Is your jurisdiction a party to the Hague Evidence Convention? Are there other statutory requirements for obtaining evidence in aid of foreign litigation? Please indicate the relevant statutes.

Yes. The Convention of 18 March 1970 on the Taking of Evidence Abroad in Civil or Commercial Matters (the “Hague Evidence Convention”) has been in force in Brazil since April 27, 2017 (by means of Decree 9,039/2017).

The Hague Evidence Convention is in force in Brazil with the following particularities: (i) all letters rogatory sent to Brazil must be accompanied by a translation into Portuguese (declaration in relation to Article 4, paragraph 2, pursuant to Article 33); (ii) judicial authorities of a requesting state may assist the execution of letters rogatory in Brazil if authorization has been granted by the executing authority (declaration in relation to Article 8); (iii) taking of evidence by diplomatic representatives, consular agents or commissioners is not allowed (reservation to Chapter II, pursuant to its Article 33); and (iv) Brazil will not comply with letters rogatory that have been issued for the purpose of obtaining what is known, in common law countries, as “pre-trial discovery of documents” (declaration in relation to Article 23).

In terms of other multilateral agreements, Brazil is also a signatory to (among others) (i) the Inter-American Convention on Letters Rogatory (Panama /1975) and Additional Protocol (Montevideo/1979), in force in Brazil by means of Decrees 1,899/1996 and 2,022/1996, respectively, as well as (ii) the Protocol on Jurisdictional Cooperation and Assistance in Civil, Commercial, Labor and Administrative Matters of MERCOSUR (Las Leñas/1992), in force by means of Decree 2,067/1996.

The processing of the request for international legal cooperation to obtain evidence abroad may be based on a treaty in force between Brazil and the requested/requesting State, or in its absence, on the basis of reciprocity.

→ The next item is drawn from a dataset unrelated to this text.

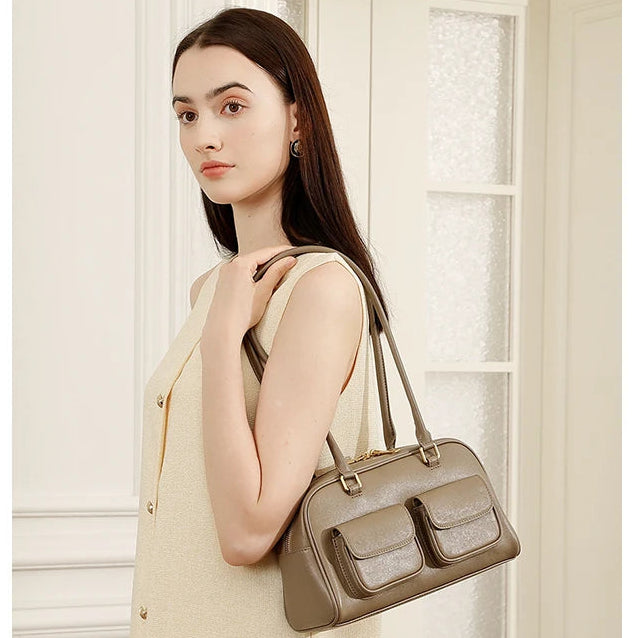 Genuine Leather Retro Bowling Bag - Women's Shoulder Boston Bag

If a treaty exists, the requirements listed therein must be followed for the purposes of such requests. Some treaties provide for specific forms that must be completed by the requesting State -- in the absence of a specific form, a letter rogatory is used.

The relevant local rules that must be complied with regarding letters rogatory are found in the Brazilian Civil Procedure Code (“CPC” - Law 13,105/2015) and in the Internal Rules of the Brazilian Superior Court of Justice (“IRSCJ”). Article 27, II of the CPC establishes that “International legal cooperation shall comprise [...] the gathering of evidence and information”. In its turn, the requirements for letters rogatory are established in Article 260 of the CPC, which are: (i) the naming of the issuing judge and the judge who is to execute the act; (ii) the entire content of the motion, of the judicial order and of the power of attorney granted to the lawyer; (iii) the mention of the procedural act that establishes its purpose; (iv) the conclusion with the signature of a judge.

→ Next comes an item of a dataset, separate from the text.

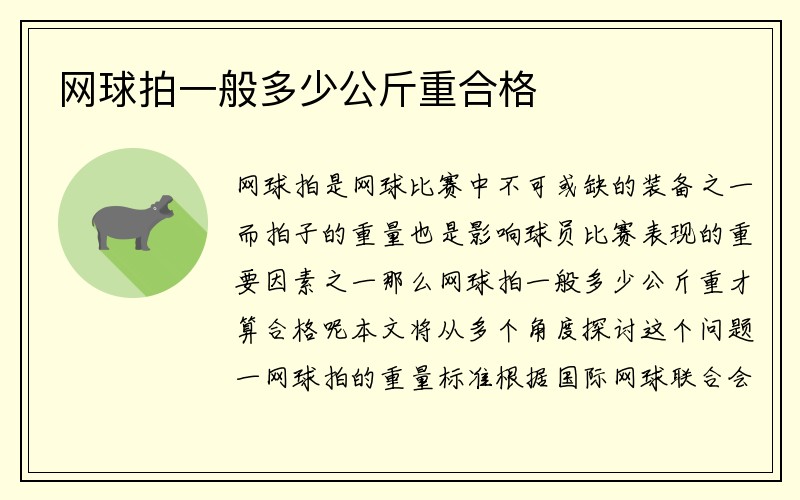 网球拍一般多少公斤重合格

The requirements and process for granting exequatur to letters rogatory are contained in (i) Articles 960 to 965 of the CPC; and (ii) Articles 216-O to 216-X of the IRSCJ. In sum, letters rogatory must (a) be issued by an authority with jurisdiction; (b) be preceded by suitable service of process; (c) be effective in the country where it was issued; (d) not violate a res judicata decision in Brazil; (e) be accompanied by an official translation, unless there is waiver provided for in a treaty; (f) not manifestly violate public policy. Exequatur will not be granted where a letter rogatory is found to be contrary to national sovereignty, human dignity and/or public policy (Article 216-P of the IRSCJ).

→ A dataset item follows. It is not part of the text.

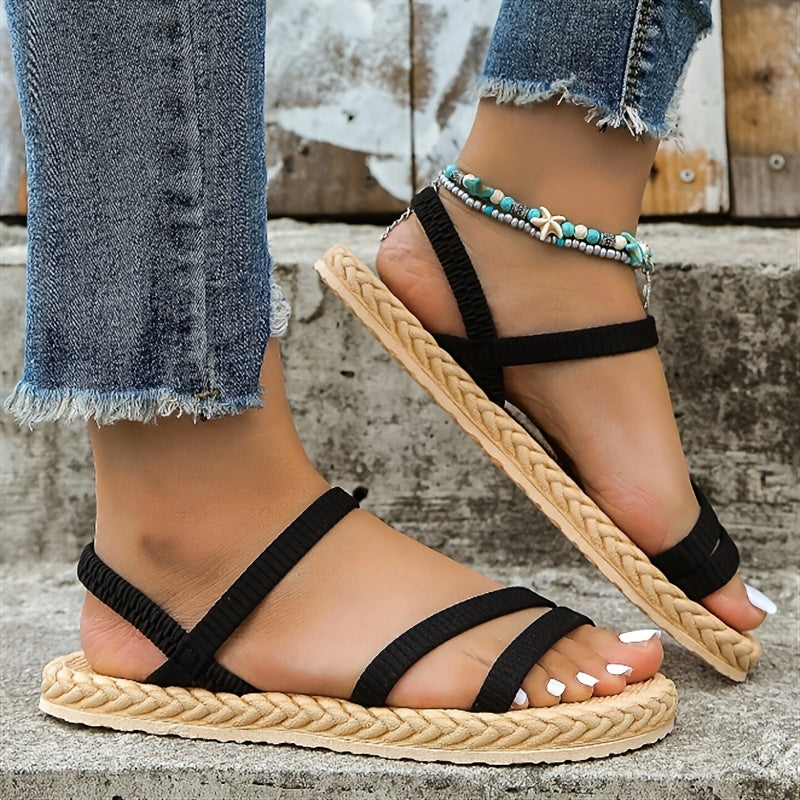 Women's Strappy Flat Sandals Elastic Strap Slip On Casual Beach Sandals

Do requests for gathering evidence require approval by a court or administrative body? Please indicate the appropriate forum for making such requests.

Yes. In Brazil, the Ministry of Justice (through the Department for the Recovery of Assets and International Legal Cooperation) acts as the central authority for purposes of the Hague Evidence Convention and, as such, is responsible for processing requests for legal assistance based on the convention.

In sum, the letter rogatory from the Central Authority of the requesting state is received by the Brazilian Ministry of Justice, which analyzes the documentation to verify whether all the formal requirements have been met.

If the requirements are not met, the Ministry of Justice will forward the information on the inadequacy of the letter rogatory to the Central Authority of the requesting state, so that it can complement the request with the necessary documentation.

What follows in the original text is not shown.